Problem to work on: Take the line that holds "except retiling the master bathroom since it" and every line after it to the end of the entries, and repeat them exactly without the pictures.

Recorded data:
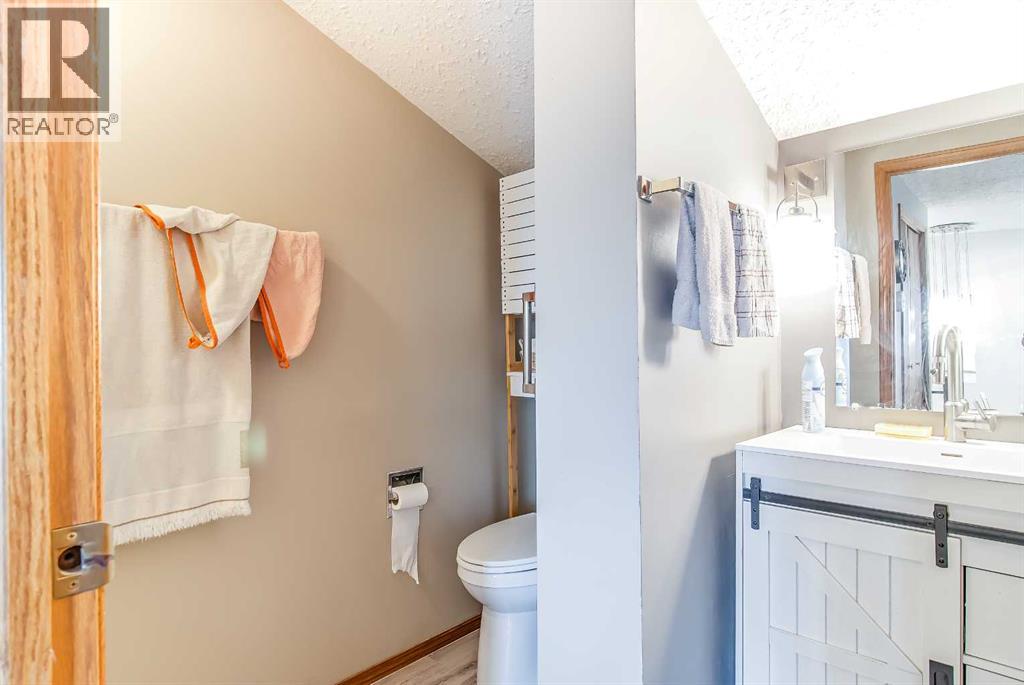 643 5 Street Southeast - Photo 30
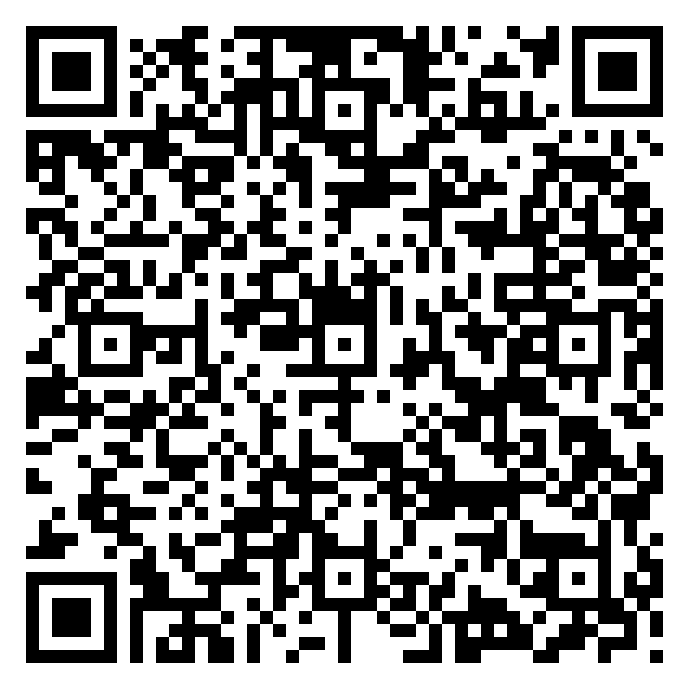 kod QR z danymi kontaktowymi 18044700000000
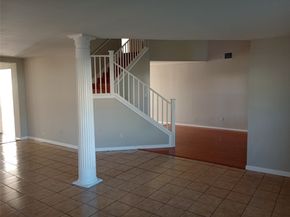 1103 Purple Martin Drive, Pflugerville TX 78660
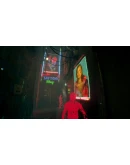 &gtobserver_ Xbox One &amp Xbox Series XS активация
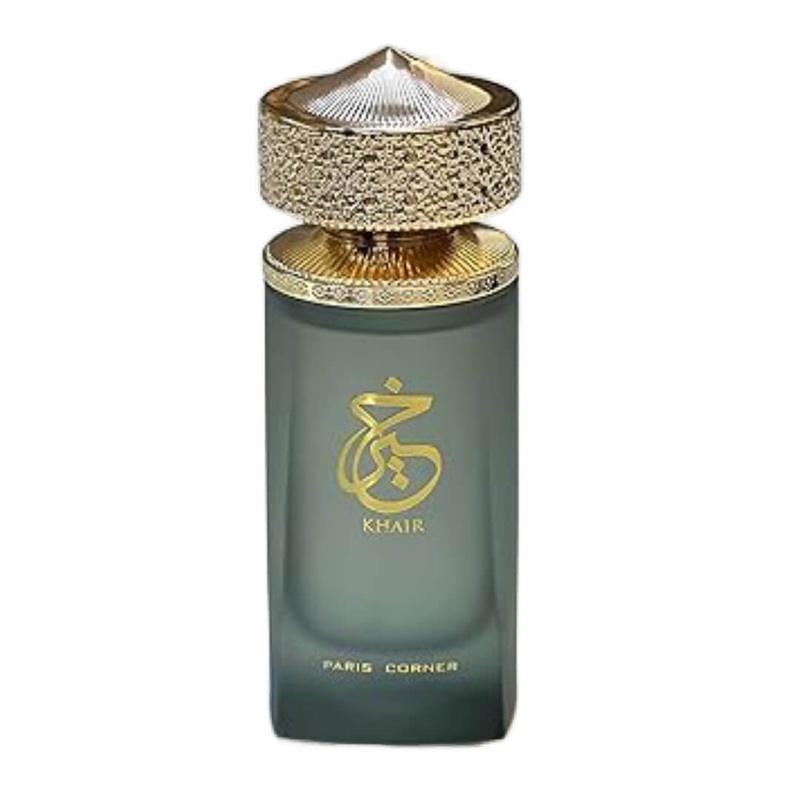 Paris Corner Khair EDP 100ml
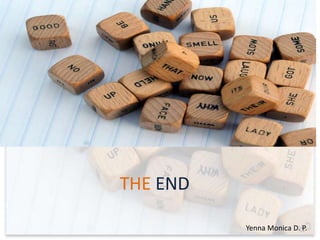 QUICK TEST: Item 8
Mr. Ramos hopes to accept the bid on the house.
A
He has agreed to all of the buyer’s conditions
except retiling the master bathroom since it
B
C
would be too much work.
A.
B.
C.
D.

except
accept
sense
No change is necessary.

 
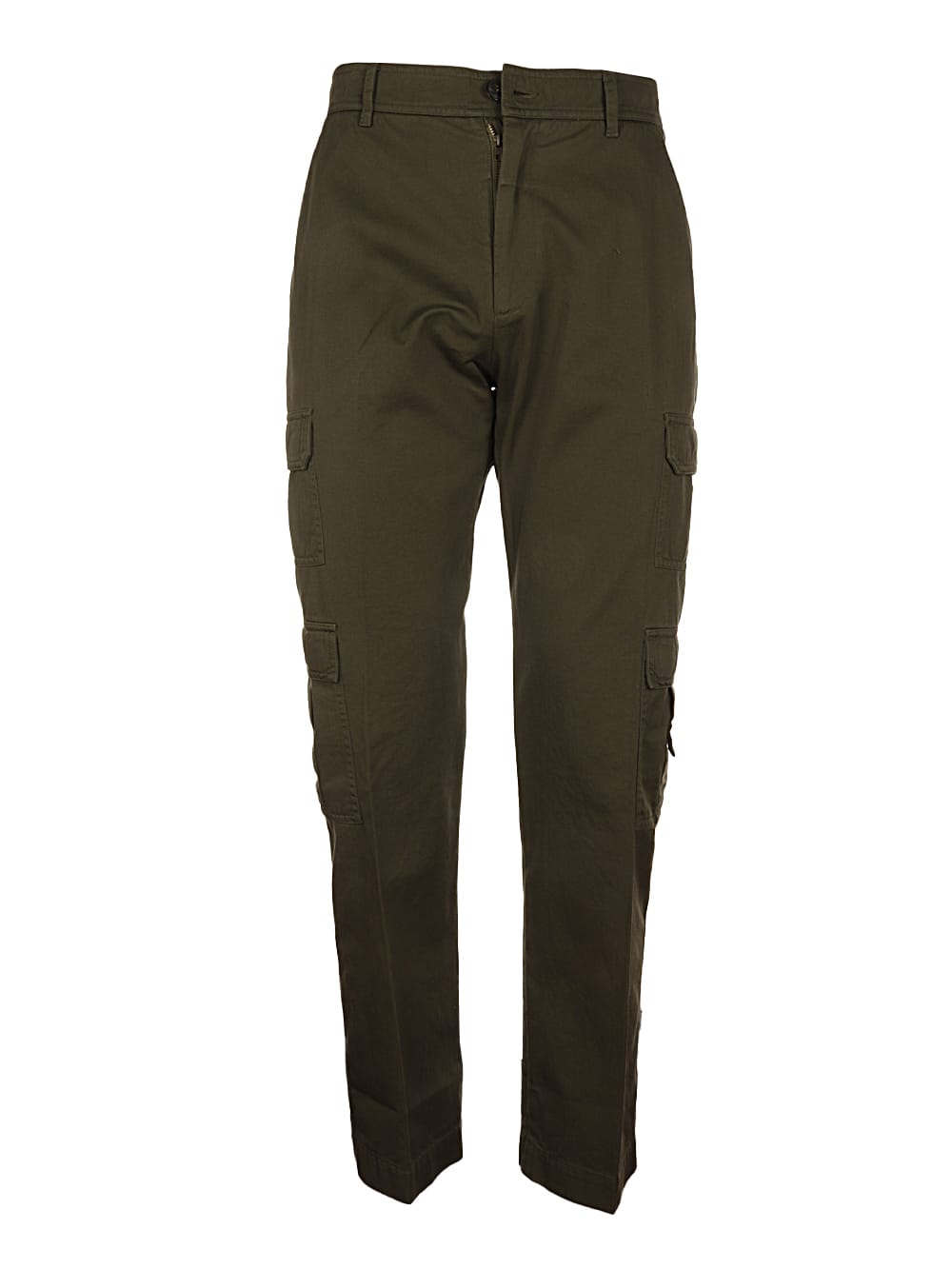 Martine Rose Grow Trousers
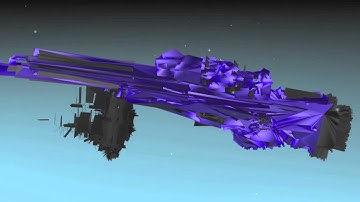 MOST AMAZING SNIPER INTRO EVER!!! [By Nedda]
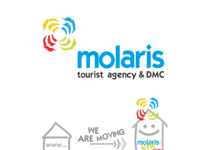 Slika naslovnice sjedišta: Molaris Travel DMC Croatia (http://www.island-krk-vacations.eu/)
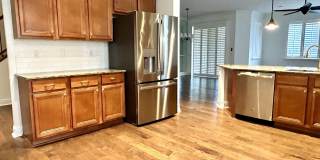 2024 Foxtail View Court Gallery 4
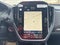 2026 Subaru Forester Wilderness CVT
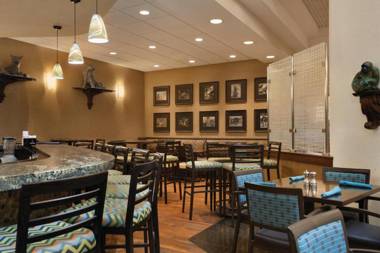 Embassy Suites Anaheim - South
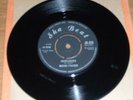 NORMA FRASER - HEARTACHES - SKA BEAT - RARE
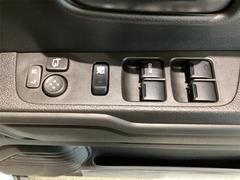 �ѥ������ɥ��Υ����å��Ǥ��衣��ž�ʤ˵�ʤ�����򳫤��Ĥ�Υ���ȥ�����Ǥ��ޤ��衣 4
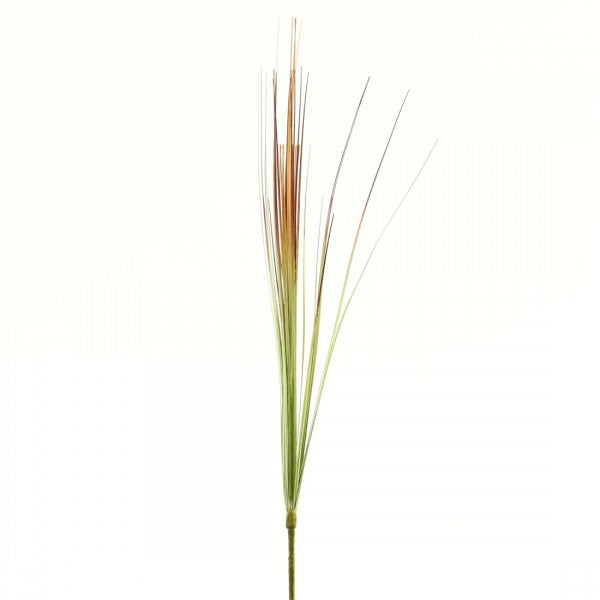 19"PVC GRASS SPRAY A4 B2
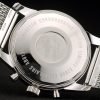 Breitling Transocean Replica Watches 3593 - Image 8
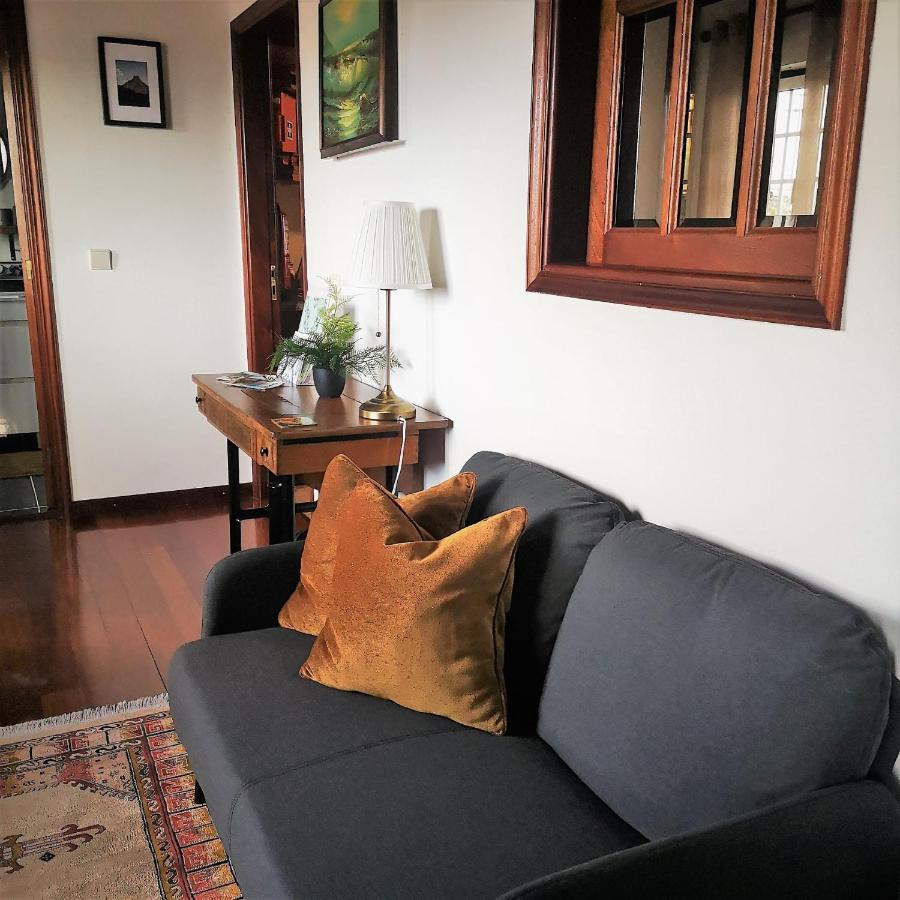 Casas D'Aldeia Arcos De Valdevez Βίλα Εξωτερικό φωτογραφία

Task solution:
except retiling the master bathroom since it
B
C
would be too much work.
A.
B.
C.
D.

except
accept
sense
No change is necessary.

 
 Martine Rose Grow Trousers
 MOST AMAZING SNIPER INTRO EVER!!! [By Nedda]
 Slika naslovnice sjedišta: Molaris Travel DMC Croatia (http://www.island-krk-vacations.eu/)
 2024 Foxtail View Court Gallery 4
 2026 Subaru Forester Wilderness CVT
 Embassy Suites Anaheim - South
 NORMA FRASER - HEARTACHES - SKA BEAT - RARE
 �ѥ������ɥ��Υ����å��Ǥ��衣��ž�ʤ˵�ʤ�����򳫤��Ĥ�Υ���ȥ�����Ǥ��ޤ��衣 4
 19"PVC GRASS SPRAY A4 B2
 Breitling Transocean Replica Watches 3593 - Image 8
 Casas D'Aldeia Arcos De Valdevez Βίλα Εξωτερικό φωτογραφία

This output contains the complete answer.